After various photos, including a nice one of the incredibly green “Field of Mars” stretching out before the Eiffel Tower, I headed in the direction of the Basilica of St. Clotilde, home to a famous organ and the former home to famous organists. Feeling a bit worn out (in a strange way), the thought came to me that I should probably get something to drink, so I stopped at a Carrefour (my favorite European grocery store chain) along the way and bought a PowerAde, which hit the spot. There was another church along the way, but it was not all that interesting.
After about another 10 miles (plus or minus) of walking I arrived at St. Clotilde’s, yet another enormous gothic church. There were children playing ball on the little plaza out front and the church was basically empty. Alas, no one was rehearsing on the organ, nor could I even find so much as an indication that they might occasionally have organ recitals there.
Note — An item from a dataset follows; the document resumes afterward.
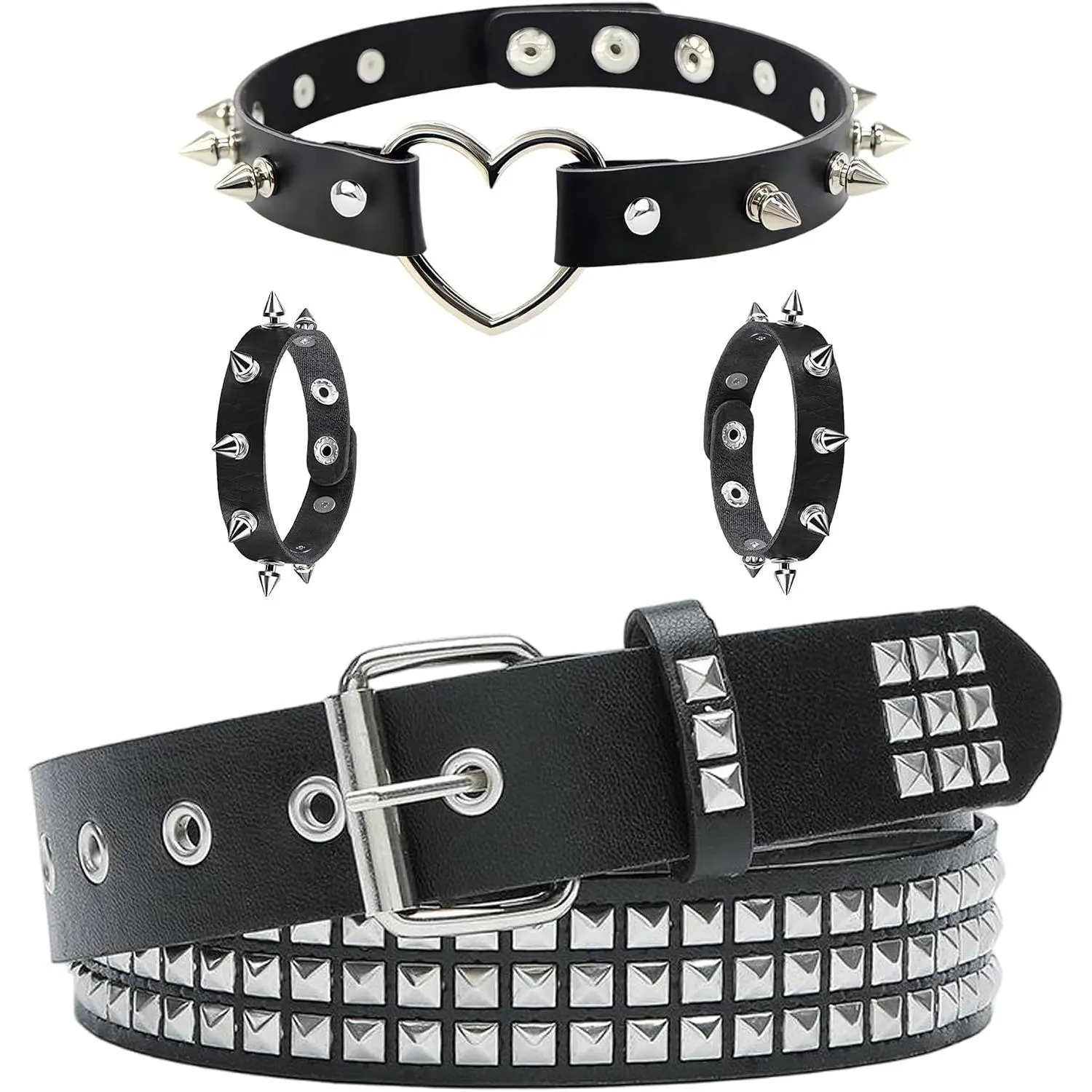 Black Studded Belt, Spiked Choker Punk Rock Spiked Bracelets | Gothic Emo Belt, Adjustable,  31" - 36", Punk Accessories , Alt Grunge Spike Bracelet PU Leather Cuff Men Women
But, unlike so many other churches I have seen in Paris, this one was actually kept in fairly orderly condition (future post topic).
Since the clouds were gathering and my ilMeteo Italian weather app said that there was a chance of rain, after a short walk from there to the nearest metro stop I got on the next train back to the area where I’m staying. A little rest, evening prayer, blog posting, etc., and then it was time to think of dinner.
Dinner was at a nearby restaurant that I found on TripAdvisor. It was a bit of a splurge (i.e. not Subway or McDonald’s) but I justified it in view of a certain event I’m celebrating next Friday. And it was absolutely delicious. And the owner was very friendly. I ordered a glass of celebratory champagne to start and, being the first one in there (about 7:20pm, when only Americans eat out), I felt kind of bad that he had to open a new bottle just for me. But fortunately, it seems that the American family that came in after me finished it off, so all’s well that end’s well!
This evening: some studying, bed; and tomorrow: a few things on the agenda before I head back to Rome!